Ra’s Rich Biodiversity
Ra is rich in diversity of its animal life both on land and sea. Strong currents run through the deep Vatu-i-Ra channel, nourishing a magnificent diversity of more than 300 species of corals. These corals, in turn, help sustain Ra’s many species of bird life, including black noddies and red-footed boobies.
Ra is a magical island, with a verdant forest on land, and a mythically beautiful reef system undersea nearby. The island sits along a channel that separates Fiji’s two main islands, and among all the more popular reefs in Fiji and the world at large, the reefs at Vatu-i-Ra, or “Ra,” remains unaffected by the kinds of over-fishing and dangerous fishing practices that have damaged other reefs. Therefore, the area is becoming a conservation concern on a national level, both for preserving the beauty of corals and animals that thrive there and for the wealth of monies gained from tourism here.
Fiji’s waters have an array of unique fishes. Whales and dolphins are frequent sightings, and butterfly fish, damselfish, surgeonfish, parrotfish, triggerfish, and Crown-of-Thorns Starfish, amongst many other species. Like the corals here, the fish are spectacularly colored. Even a bucket of caught fish has a fish of every hue of pink and turquoise you can image. The underwater life in Ra, however, is quite something to see. Huge fans of watermelon colored corals, inhabited by neon-watermelon fish—see-thru lavender anemones, aglow with clownfish huddled safely within.
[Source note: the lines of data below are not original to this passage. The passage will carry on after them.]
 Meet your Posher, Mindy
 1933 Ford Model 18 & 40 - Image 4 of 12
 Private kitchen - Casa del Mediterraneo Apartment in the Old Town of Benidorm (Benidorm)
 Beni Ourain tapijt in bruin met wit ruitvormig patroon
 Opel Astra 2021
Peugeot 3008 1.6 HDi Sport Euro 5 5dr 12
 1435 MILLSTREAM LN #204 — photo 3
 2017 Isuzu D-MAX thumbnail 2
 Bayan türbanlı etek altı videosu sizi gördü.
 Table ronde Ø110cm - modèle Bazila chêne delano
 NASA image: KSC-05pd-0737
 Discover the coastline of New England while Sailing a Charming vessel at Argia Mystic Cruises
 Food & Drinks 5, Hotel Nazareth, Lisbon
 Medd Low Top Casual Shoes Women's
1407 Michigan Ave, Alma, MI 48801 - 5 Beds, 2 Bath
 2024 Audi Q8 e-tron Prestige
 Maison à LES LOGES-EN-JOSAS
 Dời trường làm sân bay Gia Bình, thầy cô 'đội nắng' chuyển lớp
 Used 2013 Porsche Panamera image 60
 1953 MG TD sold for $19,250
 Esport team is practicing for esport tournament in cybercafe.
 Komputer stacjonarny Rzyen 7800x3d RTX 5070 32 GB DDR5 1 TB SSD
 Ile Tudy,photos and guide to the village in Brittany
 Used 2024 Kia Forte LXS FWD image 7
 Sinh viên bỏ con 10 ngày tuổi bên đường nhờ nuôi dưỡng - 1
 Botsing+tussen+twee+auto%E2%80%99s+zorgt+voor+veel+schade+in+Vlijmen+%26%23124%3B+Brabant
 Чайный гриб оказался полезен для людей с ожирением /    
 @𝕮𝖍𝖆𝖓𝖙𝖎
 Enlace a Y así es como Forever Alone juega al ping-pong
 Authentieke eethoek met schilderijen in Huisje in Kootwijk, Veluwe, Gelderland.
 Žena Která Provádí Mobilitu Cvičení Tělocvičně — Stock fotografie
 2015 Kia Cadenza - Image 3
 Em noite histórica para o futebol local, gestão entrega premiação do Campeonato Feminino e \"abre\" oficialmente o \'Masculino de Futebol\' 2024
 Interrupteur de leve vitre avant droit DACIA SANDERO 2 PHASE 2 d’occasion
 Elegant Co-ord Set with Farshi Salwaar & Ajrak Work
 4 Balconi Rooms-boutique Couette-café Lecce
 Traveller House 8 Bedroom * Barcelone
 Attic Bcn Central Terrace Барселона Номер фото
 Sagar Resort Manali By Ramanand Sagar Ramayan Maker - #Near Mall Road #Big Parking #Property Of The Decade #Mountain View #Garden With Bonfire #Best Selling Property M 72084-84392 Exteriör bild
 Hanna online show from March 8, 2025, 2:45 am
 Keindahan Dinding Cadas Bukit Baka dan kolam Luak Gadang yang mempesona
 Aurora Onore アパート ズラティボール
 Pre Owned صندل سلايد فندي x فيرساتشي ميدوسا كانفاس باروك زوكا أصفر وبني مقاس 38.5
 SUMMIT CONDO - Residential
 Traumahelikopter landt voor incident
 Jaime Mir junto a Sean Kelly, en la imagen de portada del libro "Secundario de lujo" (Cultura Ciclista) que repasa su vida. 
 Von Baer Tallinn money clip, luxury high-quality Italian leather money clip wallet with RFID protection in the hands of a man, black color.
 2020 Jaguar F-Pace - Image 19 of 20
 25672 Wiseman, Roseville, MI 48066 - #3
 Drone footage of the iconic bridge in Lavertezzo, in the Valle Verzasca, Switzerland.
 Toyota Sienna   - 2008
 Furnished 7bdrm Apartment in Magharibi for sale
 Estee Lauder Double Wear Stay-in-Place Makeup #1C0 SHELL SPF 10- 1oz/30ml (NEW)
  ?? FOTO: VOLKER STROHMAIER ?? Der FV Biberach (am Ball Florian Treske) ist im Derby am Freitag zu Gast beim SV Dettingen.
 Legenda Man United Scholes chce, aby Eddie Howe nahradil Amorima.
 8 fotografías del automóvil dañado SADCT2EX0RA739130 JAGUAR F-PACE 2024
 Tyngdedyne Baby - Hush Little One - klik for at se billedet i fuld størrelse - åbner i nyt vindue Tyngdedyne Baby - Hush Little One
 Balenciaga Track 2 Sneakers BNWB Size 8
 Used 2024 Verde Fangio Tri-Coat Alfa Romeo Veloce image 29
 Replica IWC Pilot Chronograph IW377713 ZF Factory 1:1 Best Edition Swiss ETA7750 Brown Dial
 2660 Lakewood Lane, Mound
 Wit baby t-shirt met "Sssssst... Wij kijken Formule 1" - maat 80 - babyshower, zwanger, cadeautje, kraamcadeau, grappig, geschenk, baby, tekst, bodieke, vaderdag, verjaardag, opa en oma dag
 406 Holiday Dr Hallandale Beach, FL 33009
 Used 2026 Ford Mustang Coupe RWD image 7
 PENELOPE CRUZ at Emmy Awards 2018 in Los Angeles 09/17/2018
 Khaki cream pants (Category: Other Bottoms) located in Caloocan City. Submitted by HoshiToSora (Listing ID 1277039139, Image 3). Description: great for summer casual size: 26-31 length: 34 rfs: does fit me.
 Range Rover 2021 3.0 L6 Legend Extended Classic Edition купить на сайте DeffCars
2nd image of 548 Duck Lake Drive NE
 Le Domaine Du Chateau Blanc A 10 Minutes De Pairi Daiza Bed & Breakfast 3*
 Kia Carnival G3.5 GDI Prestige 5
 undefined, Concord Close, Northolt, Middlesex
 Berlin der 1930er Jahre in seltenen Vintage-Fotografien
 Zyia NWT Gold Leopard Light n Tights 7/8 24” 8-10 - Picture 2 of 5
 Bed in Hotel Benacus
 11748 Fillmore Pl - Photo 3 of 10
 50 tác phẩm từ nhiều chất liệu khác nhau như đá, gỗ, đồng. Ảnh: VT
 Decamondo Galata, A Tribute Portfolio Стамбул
Striving to Protect Ra’s Reefs
Fiji is approximately 1341 square kilometers and has a human population of around 29,464. However, of the 300 islands that comprise Fiji, the two largest islands, Viti Levu and Vaua Levu, are the chiefly populated areas. In fact, Ra along with its nearby reef, Cakau Levu is considered major priority areas of national reserve efforts. These two areas, more than any other area in Fiji, have the most biological diversity and health of their reef systems and the Wildlife Conservation Service is working with native Fijians to create managing systems to help preserve Ra’s beautiful reefs. Recently, the Wildlife Conservation Service began working with native Fijians to create managing systems to help preserve Ra’s beautiful reefs.
Divers and photographers alike love Vatu-i-Ra’s still waters and friendly and unique fish, both of which make for fantastic photography. If you find one of the many friendly dolphins here, you might be able to hitch a ride with him.